Recent studies of divorced children in Australia, Canada, and the United States have shown the devastating consequences of divorce and family chaos on children’s education. Australian students appear to be more adversely impacted than those in the US and Canada. Divorce is also more disruptive than the death of a parent. Multiple divorces worsen outcomes even further, dropping high school graduation rates to 40% or less.
Australian high school students suffered an average of a 12 month cut in their time in school due to a single divorce in the family. American and Canadian studies fared slightly better, with just under 11 months average reduction in high school attendance. By contrast, the death of a parent resulted in an average of 6 months less.
Although high school attendance and completion rates declined dramatically, university education was not affected much. This suggests that older children are less disrupted by family chaos and/or that children or more wealthy families that can afford university educations for their children might be less affected by divorce.

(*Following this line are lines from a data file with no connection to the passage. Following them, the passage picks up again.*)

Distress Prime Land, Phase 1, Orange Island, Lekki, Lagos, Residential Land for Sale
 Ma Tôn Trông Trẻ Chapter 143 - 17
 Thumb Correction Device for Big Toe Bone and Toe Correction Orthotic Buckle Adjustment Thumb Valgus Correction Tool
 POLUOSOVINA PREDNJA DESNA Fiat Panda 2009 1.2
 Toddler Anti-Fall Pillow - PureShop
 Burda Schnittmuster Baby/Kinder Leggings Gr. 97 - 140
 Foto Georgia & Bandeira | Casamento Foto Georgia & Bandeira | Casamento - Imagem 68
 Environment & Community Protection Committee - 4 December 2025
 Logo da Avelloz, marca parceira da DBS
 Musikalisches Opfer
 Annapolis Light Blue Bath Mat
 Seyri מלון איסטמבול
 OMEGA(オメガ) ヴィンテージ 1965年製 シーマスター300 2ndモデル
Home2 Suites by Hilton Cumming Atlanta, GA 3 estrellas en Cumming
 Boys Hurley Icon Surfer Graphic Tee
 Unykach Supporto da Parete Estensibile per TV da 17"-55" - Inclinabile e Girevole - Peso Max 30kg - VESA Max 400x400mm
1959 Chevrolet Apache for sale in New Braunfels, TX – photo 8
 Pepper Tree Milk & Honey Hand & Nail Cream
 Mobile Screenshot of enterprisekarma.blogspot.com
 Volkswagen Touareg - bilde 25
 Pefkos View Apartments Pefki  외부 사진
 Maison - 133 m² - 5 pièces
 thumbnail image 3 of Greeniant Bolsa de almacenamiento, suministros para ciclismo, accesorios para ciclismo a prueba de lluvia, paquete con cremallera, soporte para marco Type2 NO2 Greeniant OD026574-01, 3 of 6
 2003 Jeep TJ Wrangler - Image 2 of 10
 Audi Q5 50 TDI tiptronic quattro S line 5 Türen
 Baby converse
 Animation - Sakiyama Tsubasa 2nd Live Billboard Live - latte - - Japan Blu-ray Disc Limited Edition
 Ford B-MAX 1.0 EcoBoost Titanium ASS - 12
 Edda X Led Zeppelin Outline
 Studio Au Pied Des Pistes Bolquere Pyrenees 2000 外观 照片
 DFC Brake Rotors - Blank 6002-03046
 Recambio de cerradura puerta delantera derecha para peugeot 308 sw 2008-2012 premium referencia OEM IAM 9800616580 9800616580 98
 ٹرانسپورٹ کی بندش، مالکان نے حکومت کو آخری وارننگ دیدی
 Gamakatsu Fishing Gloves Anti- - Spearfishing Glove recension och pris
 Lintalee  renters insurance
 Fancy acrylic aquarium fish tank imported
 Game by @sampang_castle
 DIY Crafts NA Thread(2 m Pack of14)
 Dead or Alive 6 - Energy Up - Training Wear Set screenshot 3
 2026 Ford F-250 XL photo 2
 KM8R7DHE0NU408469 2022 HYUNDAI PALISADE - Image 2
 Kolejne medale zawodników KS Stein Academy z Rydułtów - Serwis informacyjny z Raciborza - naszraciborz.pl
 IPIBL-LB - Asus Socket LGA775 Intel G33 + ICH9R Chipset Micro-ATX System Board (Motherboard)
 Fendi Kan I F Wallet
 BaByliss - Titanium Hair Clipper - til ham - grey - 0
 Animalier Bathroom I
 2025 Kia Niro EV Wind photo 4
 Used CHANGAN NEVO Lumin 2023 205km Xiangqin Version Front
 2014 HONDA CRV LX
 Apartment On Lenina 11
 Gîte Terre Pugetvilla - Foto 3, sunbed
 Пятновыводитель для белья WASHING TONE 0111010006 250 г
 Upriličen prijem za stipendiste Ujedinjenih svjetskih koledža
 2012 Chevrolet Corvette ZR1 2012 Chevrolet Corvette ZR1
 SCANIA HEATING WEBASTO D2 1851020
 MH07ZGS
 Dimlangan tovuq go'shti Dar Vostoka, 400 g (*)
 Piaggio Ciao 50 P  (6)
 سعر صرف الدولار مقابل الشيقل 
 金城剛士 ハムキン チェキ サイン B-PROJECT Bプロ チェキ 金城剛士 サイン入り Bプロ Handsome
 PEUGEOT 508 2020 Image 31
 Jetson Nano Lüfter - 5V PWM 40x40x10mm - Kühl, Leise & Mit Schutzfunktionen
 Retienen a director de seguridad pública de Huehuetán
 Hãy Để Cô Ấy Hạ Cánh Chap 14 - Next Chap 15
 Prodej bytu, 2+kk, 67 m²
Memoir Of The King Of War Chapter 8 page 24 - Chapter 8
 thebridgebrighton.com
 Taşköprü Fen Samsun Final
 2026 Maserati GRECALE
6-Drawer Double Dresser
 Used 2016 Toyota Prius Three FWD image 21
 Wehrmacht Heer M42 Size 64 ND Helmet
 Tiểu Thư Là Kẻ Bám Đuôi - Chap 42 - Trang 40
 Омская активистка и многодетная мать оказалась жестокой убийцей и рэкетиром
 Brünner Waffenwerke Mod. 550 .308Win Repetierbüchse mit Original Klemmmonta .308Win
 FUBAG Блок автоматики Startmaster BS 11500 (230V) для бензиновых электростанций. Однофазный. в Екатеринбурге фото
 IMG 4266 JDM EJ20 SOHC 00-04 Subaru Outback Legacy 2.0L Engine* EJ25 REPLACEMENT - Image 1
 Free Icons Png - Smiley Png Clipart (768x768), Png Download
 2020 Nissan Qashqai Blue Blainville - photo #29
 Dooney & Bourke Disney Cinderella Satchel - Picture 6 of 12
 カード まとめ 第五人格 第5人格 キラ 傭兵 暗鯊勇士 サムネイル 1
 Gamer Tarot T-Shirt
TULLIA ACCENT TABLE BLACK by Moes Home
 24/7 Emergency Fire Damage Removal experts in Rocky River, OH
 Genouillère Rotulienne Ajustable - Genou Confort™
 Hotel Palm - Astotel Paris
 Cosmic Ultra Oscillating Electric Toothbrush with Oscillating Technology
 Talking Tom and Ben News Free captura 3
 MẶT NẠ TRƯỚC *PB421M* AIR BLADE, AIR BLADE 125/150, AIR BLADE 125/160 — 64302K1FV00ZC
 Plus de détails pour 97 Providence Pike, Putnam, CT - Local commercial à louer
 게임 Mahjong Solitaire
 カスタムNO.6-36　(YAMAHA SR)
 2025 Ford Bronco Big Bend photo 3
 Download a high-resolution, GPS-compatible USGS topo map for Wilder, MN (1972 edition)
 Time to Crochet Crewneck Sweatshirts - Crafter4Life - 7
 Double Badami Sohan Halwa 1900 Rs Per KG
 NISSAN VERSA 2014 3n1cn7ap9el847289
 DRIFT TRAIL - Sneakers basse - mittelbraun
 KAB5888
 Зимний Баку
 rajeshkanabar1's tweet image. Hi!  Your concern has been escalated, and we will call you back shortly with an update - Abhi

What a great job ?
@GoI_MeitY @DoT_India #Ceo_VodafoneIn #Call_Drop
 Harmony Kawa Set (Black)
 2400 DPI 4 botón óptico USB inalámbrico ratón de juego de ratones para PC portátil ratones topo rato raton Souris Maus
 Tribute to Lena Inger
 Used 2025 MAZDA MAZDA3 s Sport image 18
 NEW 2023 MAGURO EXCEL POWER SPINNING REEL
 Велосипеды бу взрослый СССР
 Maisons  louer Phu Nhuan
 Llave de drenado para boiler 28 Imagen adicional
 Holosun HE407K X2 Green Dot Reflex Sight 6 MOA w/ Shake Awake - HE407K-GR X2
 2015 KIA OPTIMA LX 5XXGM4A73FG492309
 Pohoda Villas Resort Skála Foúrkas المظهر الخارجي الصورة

The adverse impact of divorce upon education has skyrocketed as divorce has been more common. Divorces in 1920 caused a 3.6-month loss of education, but since 1970 they have blown up to about a year in lost education. This time-frame roughly corresponds with the rise of “no-fault divorce” in Western nations.
Multiple divorces had an even worse impact on high school graduation rates. While students who parents stay together average a 78.4% rate of graduation from high school by age 20, one divorce drops the graduation rate to 60%, about the same as for children whose mother or father died.
Divorce and remarriage did not significantly change the graduation rates for children versus divorce with no remarriage. But with divorce-remarriage-divorce (two divorces), the graduation rate drops further to only about 40%, half of that for children whose parents remained married.
As to causes for these consequences, again disruption to children’s lives, the family chaos, and financial devastation that divorce wreaks on both parents are likely to contribute to worsening educational outcomes.